> Your instructions: From the first line to the last, write out the records exactly, leaving out images.

> Material for this exercise:
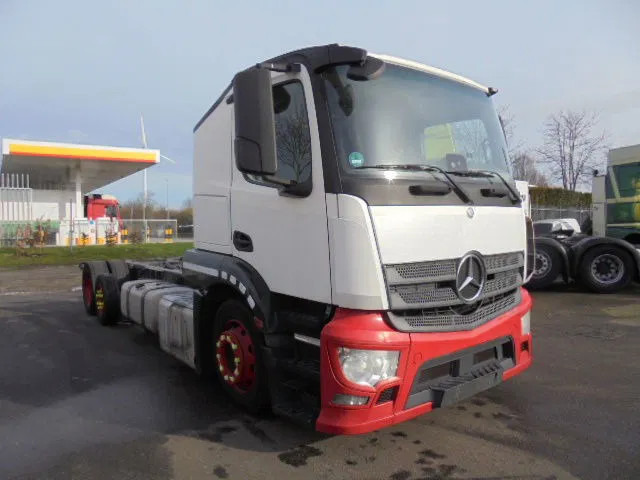 Mercedes-Benz Actros 2340 6X2 EUR 6 - Шаси кабина: снимка 3 Mercedes-Benz Actros 2340 6X2 EUR 6 - Шаси кабина: снимка 3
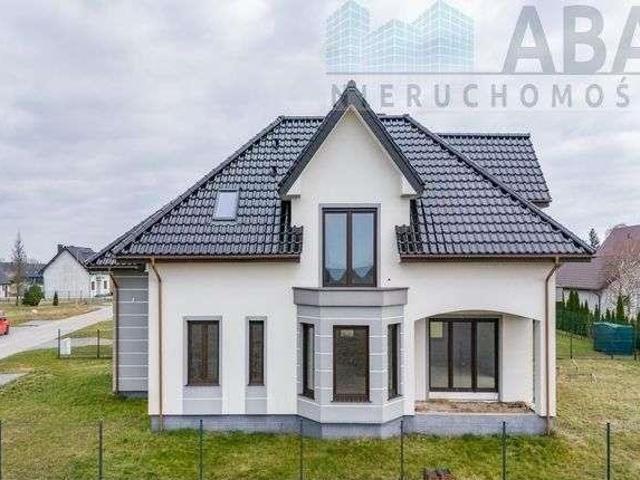 Nowoczesny dom 204 m2 z garażami, cisza i rekreacja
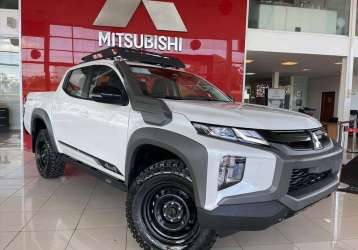 MITSUBISHI L200 TRITON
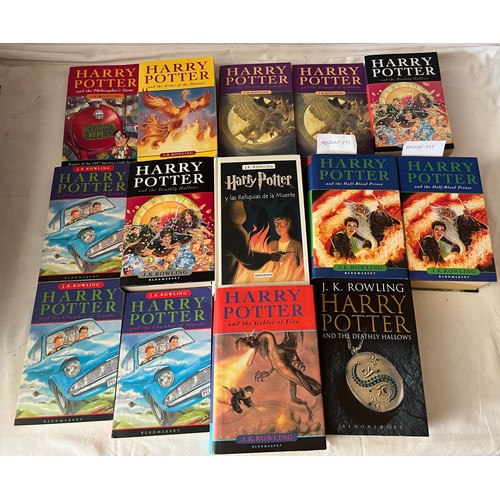 949 - Complete collection of Harry Potter books, all 7 titles, most in good condition, 14 books in total. ... 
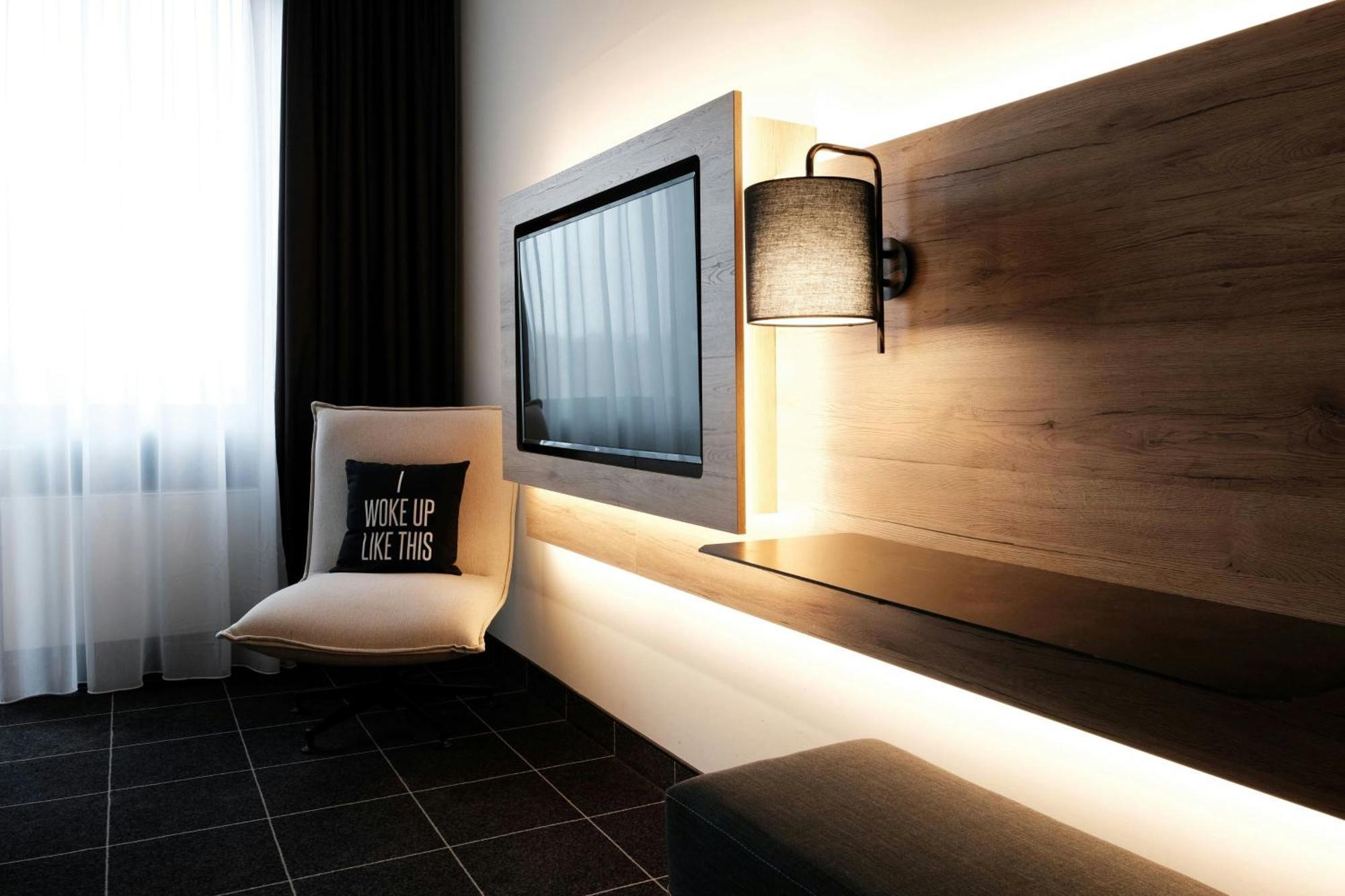 Four Ratingen Dusseldorf Airport Hotel Ngoại thất bức ảnh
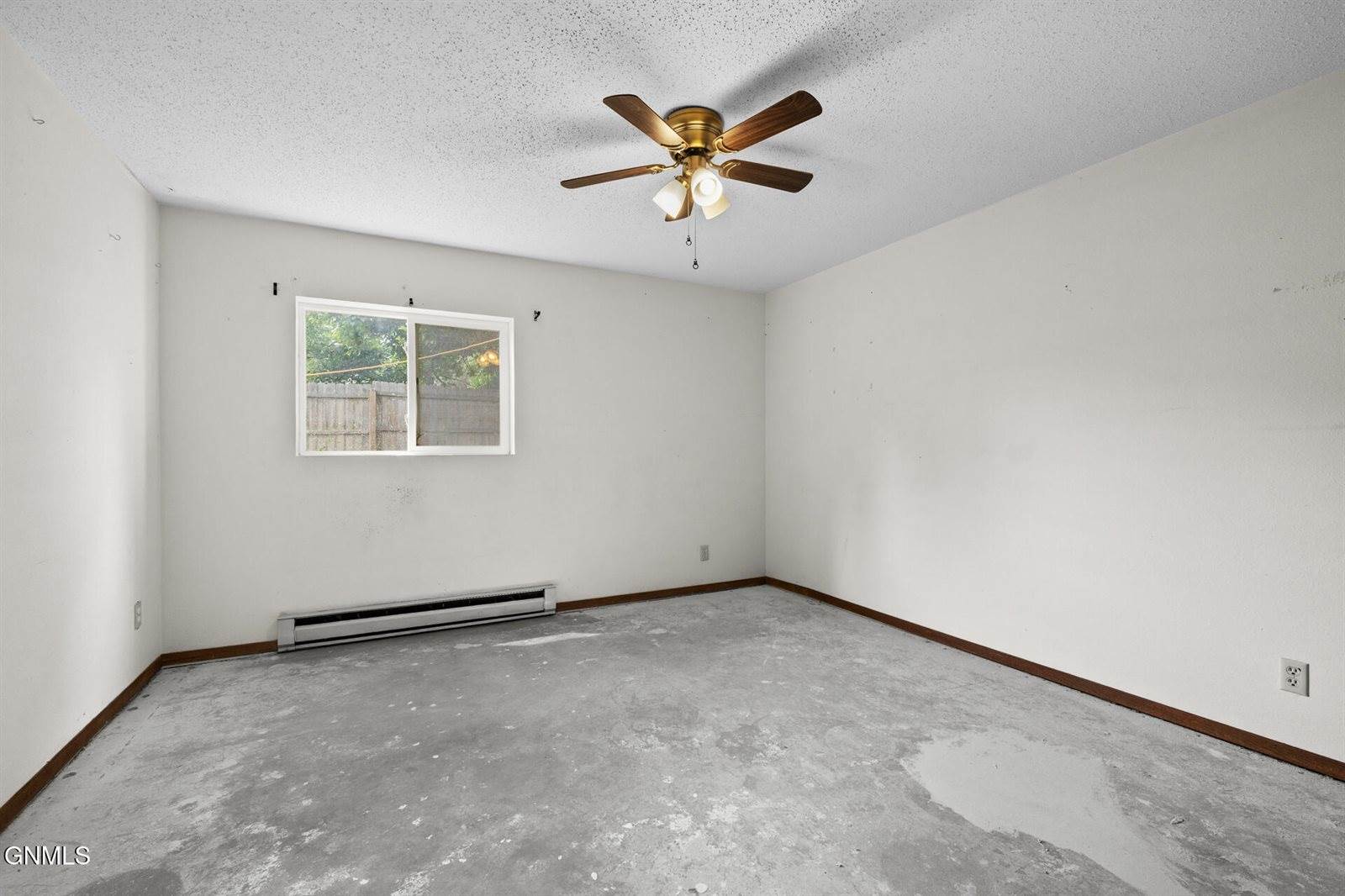 1717 28th Street West, Williston, ND 58801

> Expected answer:
 Mercedes-Benz Actros 2340 6X2 EUR 6 - Шаси кабина: снимка 3 Mercedes-Benz Actros 2340 6X2 EUR 6 - Шаси кабина: снимка 3
 Nowoczesny dom 204 m2 z garażami, cisza i rekreacja
 MITSUBISHI L200 TRITON
 949 - Complete collection of Harry Potter books, all 7 titles, most in good condition, 14 books in total. ... 
 Four Ratingen Dusseldorf Airport Hotel Ngoại thất bức ảnh
 1717 28th Street West, Williston, ND 58801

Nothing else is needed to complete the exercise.